KPMG to face tribunal over Silentnight

The Financial Reporting Council (FRC) has issued a formal complaint against KPMG and insolvency partner David Costley-Wood over the role they played in negotiating with Silentnight’s creditors ahead of the bed manufacturer’s administration in 2011

The two stand accused of misconduct relating to the engagement between January and April 2011.

The complaint alleges that they accepted and performed the engagement for Silentnight “in circumstances where their professional judgment was compromised (or was likely to be compromised) and their objectivity was impaired (or was likely to be impaired)”. This was in breach of the fundamental principle of objectivity in the ICAEW code of ethics.

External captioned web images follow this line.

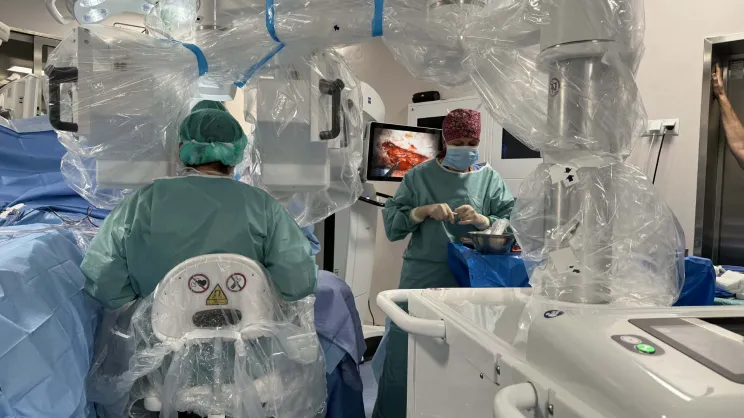 Robot mikrochirurgiczny w akcji. Pierwsza taka operacja w szpitalu wojskowym w Krakowie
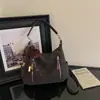 Este año, los bolsos de axila de estilo retro están de moda. Aquí tienes un bolso de hombro tipo tote nuevo, moderno y minimalista diseñado para mujeres, perfecto para el uso diario y para añadir un toque de sofisticación a tu look.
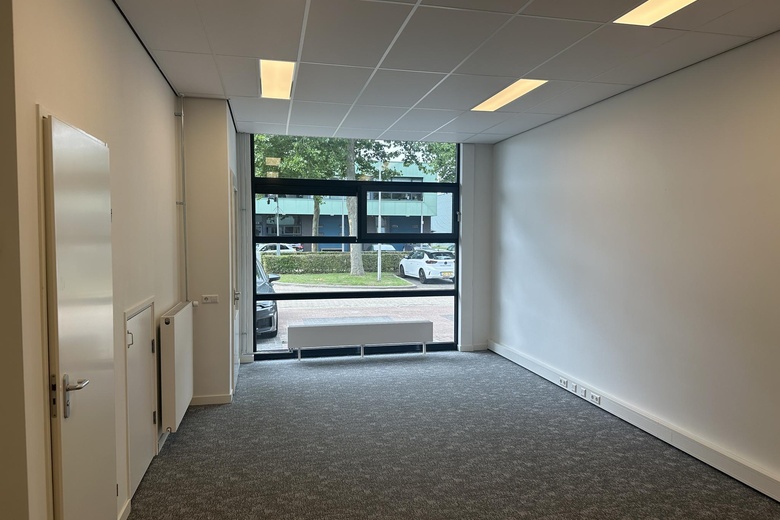 KantoorruimteaanA. van Leeuwenhoekweg 38 A 6<br/> inAlphen aan den Rijn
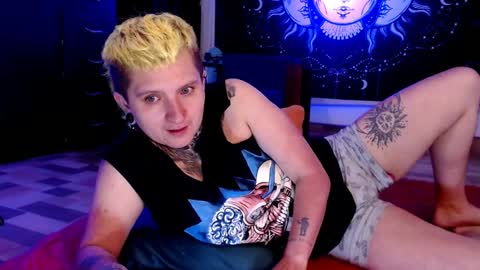          HEHIM  online show from 01-09-25, 10:52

It also accuses them of “knowingly or recklessly” helping to make untrue and/or materially incomplete explanations to the Pension Protection Fund (PPF), the Pensions Regulator, Silentnight and its pension scheme trustees in relation to the company. In this case, they were in breach of the ICAEW code’s fundamental principle of integrity.

Silentnight had run into financial difficulties over “an unserviceable level of historic debt and an onerous pensions deficit” of £100m and had brought in the Big Four firm and Costley-Wood to advise on the options available, manage key stakeholders and assist with implementation of options.

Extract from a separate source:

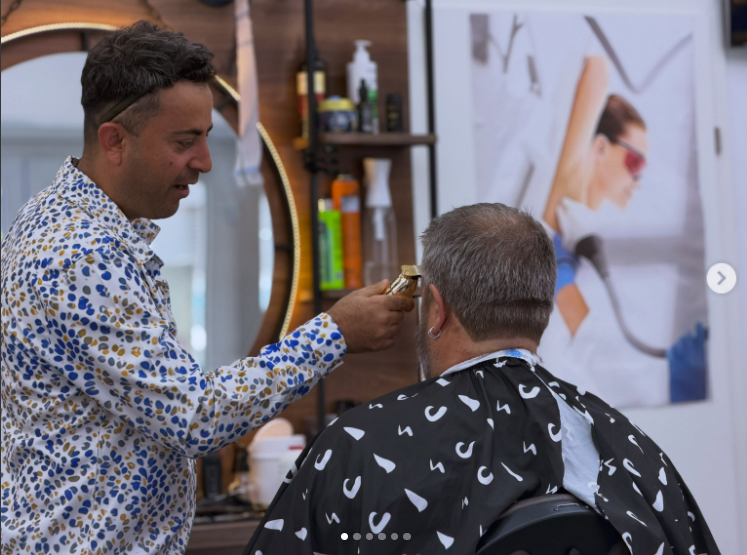 Barber beim Haarschnitt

The decision was taken to arrange a company voluntary agreement (CVA) but, despite having “overwhelming support” from trade creditors and employees, Silentnight failed to reach agreement with the Pensions Regulator and the PPF and the CVA fell through.

Costley-Wood was one of three administrators, all based in KPMG’s Manchester and Leeds offices, who were appointed in May 2011. They immediately sold the business in a pre-pack deal to Silentnight’s financier US private equity firm HIG Group. At the time Costley-Wood said the deal was the best option because it secured the jobs of Silentnight’s 1,250 employees and placed the business on a surer footing.

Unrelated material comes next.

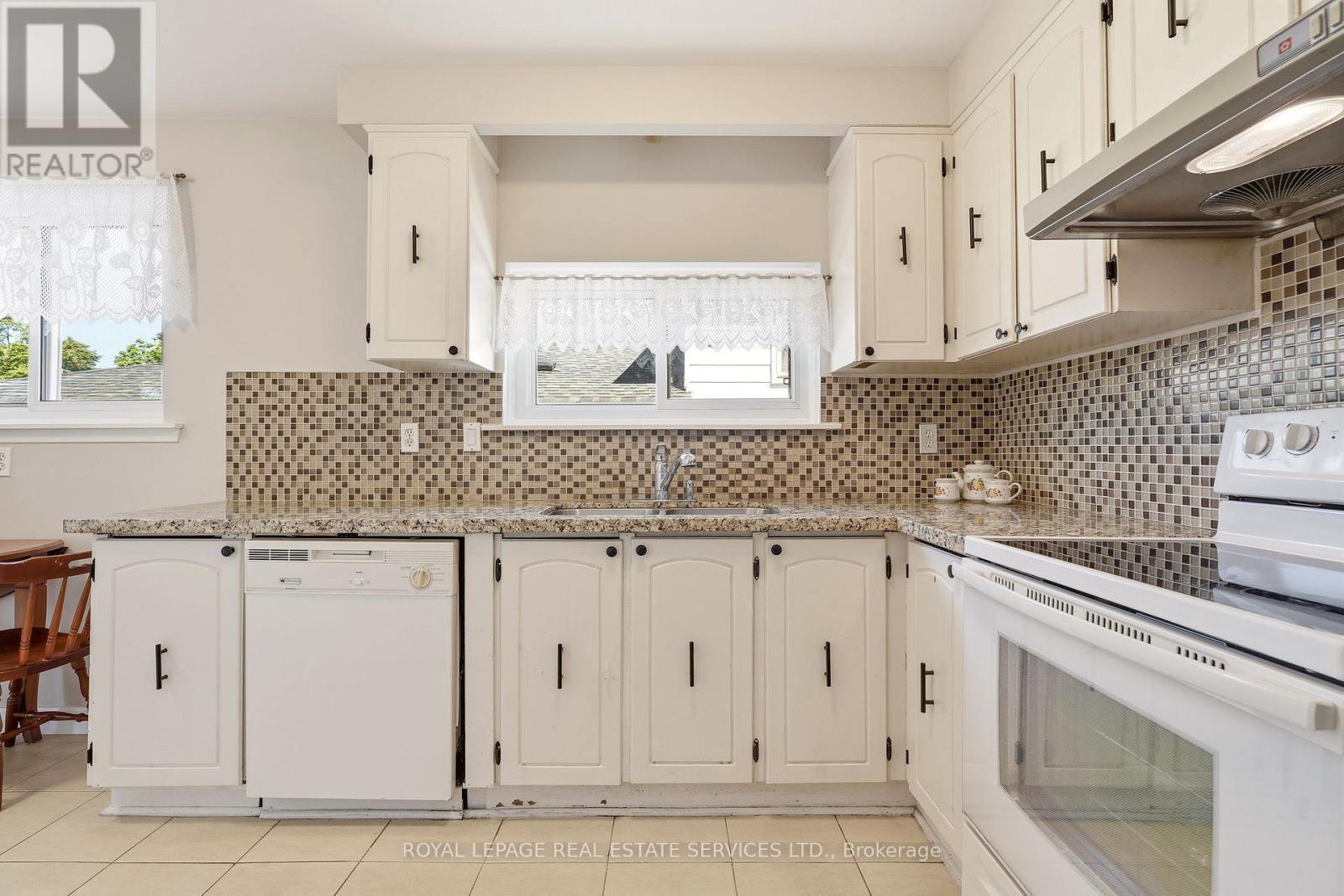 3454 Oakglade Crescent, Mississauga, ON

However, under the deal, HIG did not take on the pension fund liabilities. The Pensions Regulator launched an anti-avoidance probe since the scheme was unable to meet its liabilities in full.

In 2015, following completion of its investigations, the Pensions Regulator referred KPMG and Costley-Wood to the FRC. The regulator’s formal complaint was served on them in March after its own investigation was completed.

The FRC says that it will convene a disciplinary tribunal to hear the complaint and that a hearing date will be announced in due course.

Commenting on the announcement, a spokesperson for KPMG said, “We believe the FRC’s allegations to be wholly without merit. Given the matter is now subject to formal consideration by a tribunal, we will not be commenting further.”